## Task description
Quote every line of the data below as it stands, omitting pictures.

## Information shown

——————————

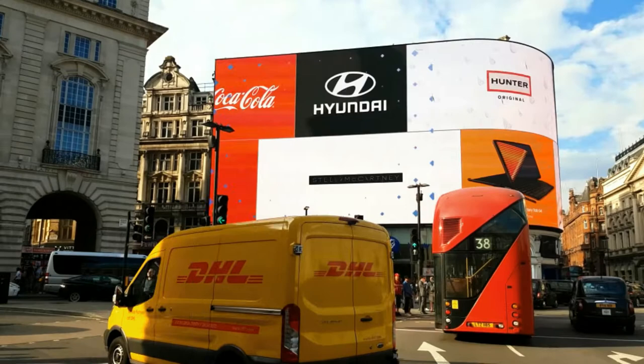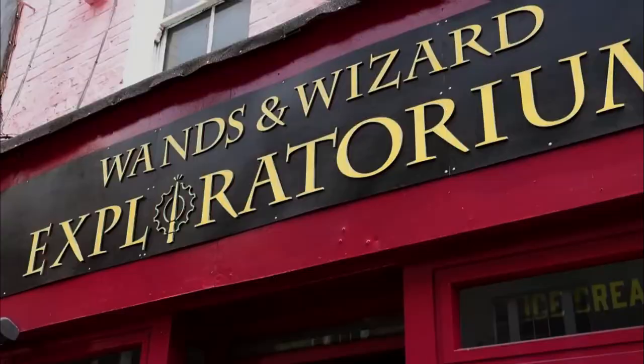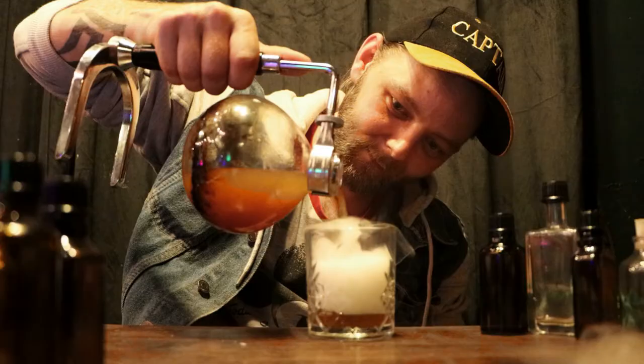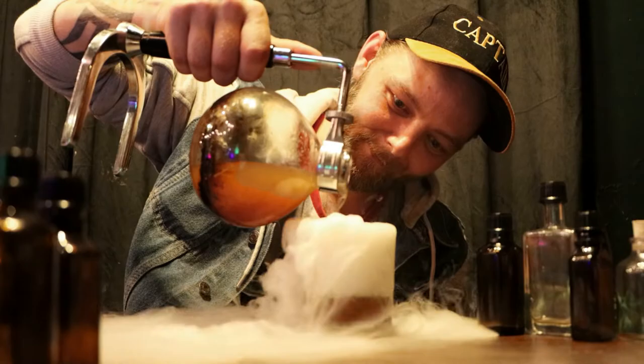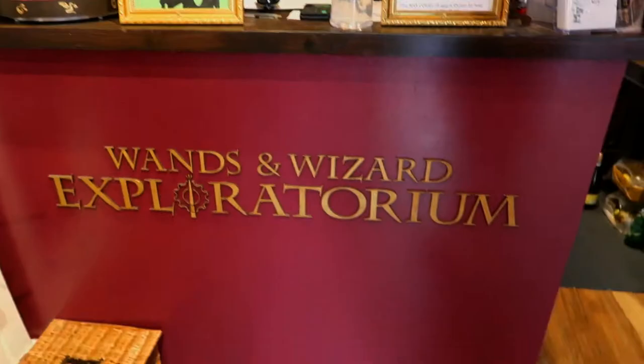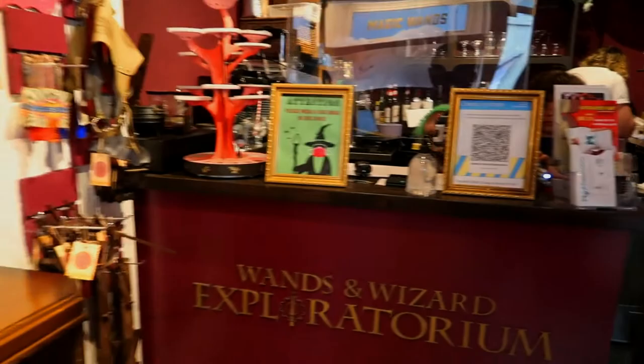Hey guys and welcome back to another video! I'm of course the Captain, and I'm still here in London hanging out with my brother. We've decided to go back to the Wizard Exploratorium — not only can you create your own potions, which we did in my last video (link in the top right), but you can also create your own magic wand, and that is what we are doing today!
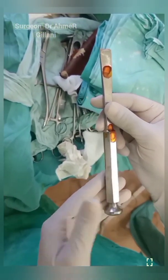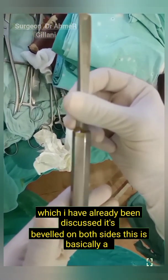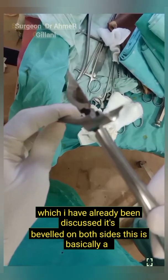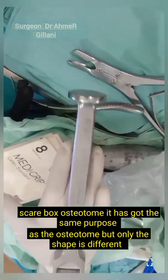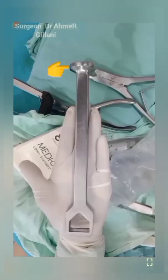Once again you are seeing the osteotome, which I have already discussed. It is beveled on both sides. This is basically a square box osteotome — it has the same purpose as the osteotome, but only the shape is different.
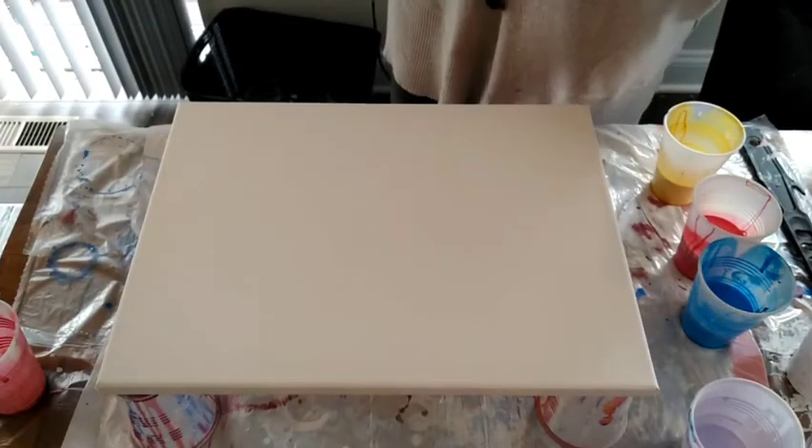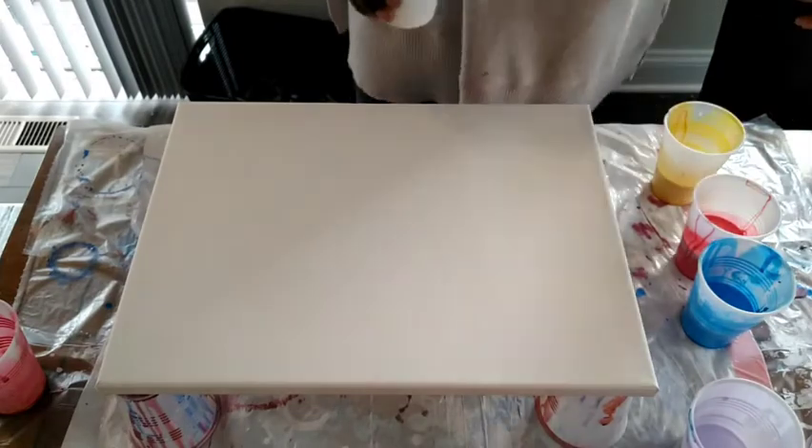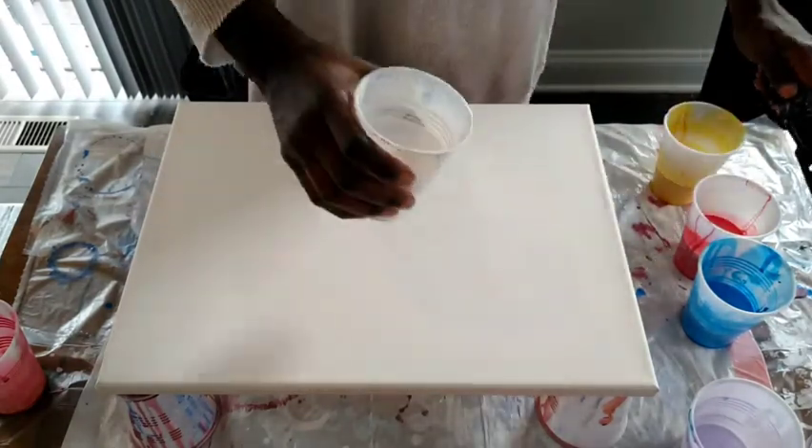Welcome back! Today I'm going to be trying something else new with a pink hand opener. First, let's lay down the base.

——————————

## Exercise output
Hey guys and welcome back to another video! I'm of course the Captain, and I'm still here in London hanging out with my brother. We've decided to go back to the Wizard Exploratorium — not only can you create your own potions, which we did in my last video (link in the top right), but you can also create your own magic wand, and that is what we are doing today!
Once again you are seeing the osteotome, which I have already discussed. It is beveled on both sides. This is basically a square box osteotome — it has the same purpose as the osteotome, but only the shape is different.
Welcome back! Today I'm going to be trying something else new with a pink hand opener. First, let's lay down the base.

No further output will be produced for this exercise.